Jinghao Huang and Yawen Yu of San Francisco International High School presented their “Boston Massacre Poem” in both English and Chinese. Their Chinese second reading received encouraging cheers and applause from the crowd.
Others drew material from personal experience. Micol DiAloisio and Kayla Lin’s “Immigrant Poem,” the first performance of the day, portrayed their respective parents’ stories of immigrating to the United States. As “Hamilton” is known for its celebration of immigrant narratives, such as Alexander Hamilton’s — best embodied by the musical’s now-infamous line, “Immigrants: we get the job done” — the Balboa High School students were asked to write about immigration within their integrated curriculum classes.
“Our teacher … really wanted us to include our own lives into ‘Hamilton,’ so writing about my father, about how he came here alone to meet his family, and how he grew up in Kansas, and how he and his brothers were the only Asians — it was difficult for him,” explained Lin.
The program also included a question-and-answer portion, in which questions submitted by the schools in attendance were answered by members of the touring “Hamilton” cast. When asked how, as a person of color, the show had changed his relationship to U.S. history, Joshua Henry, who plays Aaron Burr, responded, “What I love about being a person of color in this show is that it’s representing of how no matter where you’re from, no matter what you look like, no matter what color your skin, you can have a huge impact.”
Beau Monton of George Washington High School echoed this sentiment. “(‘Hamilton’ is) all about diversity. … It’s kind of like overcoming a lot of different things: oppression, privilege. … When I think about this play, I think of it as a really big inspiration.”
Monton and his classmate Legina Chen, 18, performed an original rap battle between Aaron Burr and Alexander Hamilton. “This is something totally different than what you’d expect in school, because then you’re thinking about textbooks,” Monton replied when asked what he most valued from the musical. “With ‘Hamilton,’ it’s all music, songs, rap, dancing, all this other stuff that you wouldn’t expect. And I think that really will help the educational experience.”

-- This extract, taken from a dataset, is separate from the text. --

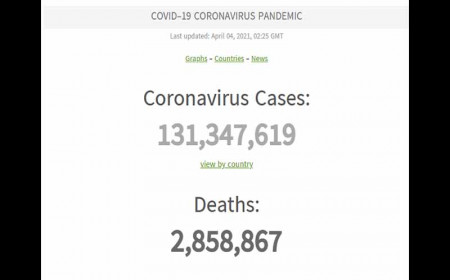 ကမ္ဘာတဝန်း ကိုဗစ်-၁၉ ကူးစက်ခံရပေါင်း ၁၃၁ သန်းကျော်၊ မြန်မာတွင်  ၁၄၂,၄၇၉  ဦးရှိလာ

Many students looked forward to the chance to see the musical, not just for the much sought-after tickets but for a chance to learn American history in a new way.
“A majority of my students have never seen live theatre,” stated Kirsten Janssen, a visual arts teacher at Lowell High School. “They’re going to be so connected to the story; it’s what they’re learning in their history classes right now, and a lot of them are immigrants or their parents are, so to see this experience is multi-emotional.”
With two more EduHam programs planned during the musical’s San Francisco run, more than 8,500 Bay Area high school students in total will receive an opportunity to see “Hamilton” and watch classmates’ and peers’ original performances on stage.
“What this show is bringing up and stirring up and how it’s changing the world is really inspiring,” Raver-Lampman articulated. “So to be on the front lines of that and watch change happen is a very, very amazing thing.”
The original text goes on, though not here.